Looking at the social agents that contribute to urban governability, we can find three main types of actors: local political actors, private enterprises in the area with their representatives (unions and chamber of commerce) and civil society, which groups associations and other groups of citizens. In this research on the degree of implication of private economic actors in urban regeneration policies, linked to the problem of city governability, we will present the case of the creation of an inter-communal institution: the Plaine Commune.

For the moment, in the case of Paris any metropolitan government reform is in the agenda frame. However, we assist to the emergency of this kind of inter-communal institution.

Plaine Saint-Denis, Plaine de France and Plaine Commune are three initiatives that are located in the department of Seine-Saint-Denis, in the area of the Parisian region. They are a response of the political sphere to the demands of economic transformation of this area, which is no longer identified with manufacturing.

Different forms of participation of economic actors

By comparing the three cases of North Milan, West Naples and North Paris we can define two order of hypothesis on the participation of economic actors to the urban regeneration :

  1. first, is based on some external condition: a regulation of economic participation is the credibility of the political sphere.

This hypothesis follows the neokeynesian theory, that explains some behavior of the economic actors by the credibility and reputation mechanisms (Thevenot, 1989). In addition, the concept of the ideological adjustment (Hebbert, 1999) between the political and economic sphere, like enhanced in the cases presentation, can be an other explanatory factor, in particular for the North of Milan and for the North of Paris. A variant of the ideological adjustment is the civil adjustment that we find in the case of Naples, passed from a clientelist system to a more modern political system.

The participation of the economic actors can be just in one specific project, i.e. punctual if that is in different urban regeneration projects we call this participation continuous. The participation can take the form of a financing engagement by the economic actors. Only in this case we consider assisting to a public-private partnership. It is interesting to see that the intensification of the economic participation in the urban regeneration is linked to the results of the political sphere. Hence, we can say that the credibility is linked to the capacity of the political sphere to realize the urban regeneration projects purposed and to arrive at the definition of a coherent urban regeneration policy. Our three cases present this characteristic.

  1. second, is founded on the endogenous caracteristics of the firms: the sectors, the size and the degree of financial and the entrepreneurial autonomy;

The economic actors, i. e. representatives of the local economic structure, can be classified in four types: chambers of commerce, business associations, public-private associations for local economic development and the firms.
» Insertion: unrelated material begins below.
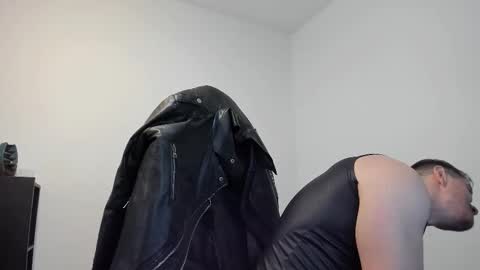 Snapshot of alphagodleatherking92 chatting on October 2025 07:26:02 AM LeatherMaster online show from October 2025 07:26:02 AM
The attitude of the firms in face of the urban regeneration is characterized by a variable geometry. Generally, the firms delegate their participation to the local policies to the sector-based business association or to a chamber of commerce. However, it is more frequent, even in Europe, the direct involvement of some firm in the urban regeneration projects or the constitution of a territorial business association. In our cases, this kind of the association is a very new entry in the organized economic actor sphere and often it is linked to the local political sphere.

The definition of a behavioral model of the firms

Type of participation of the firms

sector

size

Degree of entrepreneurial autonomy

Result/
hypothesis

Direct participation in the urban regeneration

New technology

public sector enterprises

The big firms

The local capital firms

The type of participation depends on the sector, the size and the degree of entrepreneurial and financial autonomy

Delegation to a traditional sector-based business association or to chamber of commerce

Traditional sector (iron and steel, textile)
Commerce

SMEs

The extern capital firm or firm controlled by the external capital

 

Institution of a territorial business association

New technology
The construction

SMEs (if this kind of enterprise was big, it should participate directly)

Innovator entrepreneur
Local interested entrepreneur

 

The traditional organized economic actors like the Chamber of Commerce, that is an institution financed by public money in France and in Italy, is looking for a new territorial strategy because it doesn’t feel like a potential of representativeness. The role of business associations is changing too in the sense that now it tries to link the local economic sphere with public authorities. Up to the mid-90s, business associations were used by entrepreneurs mainly to resolve classical firm-worker conflicts.

Since then, there has been a change in their role towards the provision of services for enterprises (like, for instance, the exchange of knowledge across firms) which responds in part to the process of economic transformation from labor intensive industries to new economy activities, and also to a change in the attitude of the local government.

Case studies: North Milan, West Naples and North Paris

The common elements of the three European areas are the following. First, the period of the de-industrialization process (1980-1995) coincides for the three ex-industrial zones considered. Second, the socioeconomic data, like the unemployment rate, were and in the Neapolitan and Parisian cases still are, higher than the national average (Naples) or the regional average (Paris). In contrast, the North of Milan presents at the moment an unemployment rate equal to the regional average, whereas five years ago it was higher. Thirdly, the different elements of the local political power (government organizations and their history and political party structure) are similar in the cases of Milan and Paris. Historically, the Communist Party (PCF) has governed the North of Paris (and because of that it is named "banlieue rouge"). The same applies to the North of Milan (it was called the "little Stalingrad"). The Neapolitan municipality along the last seven years has seen a durable government of the left party (the old communist party, PCI).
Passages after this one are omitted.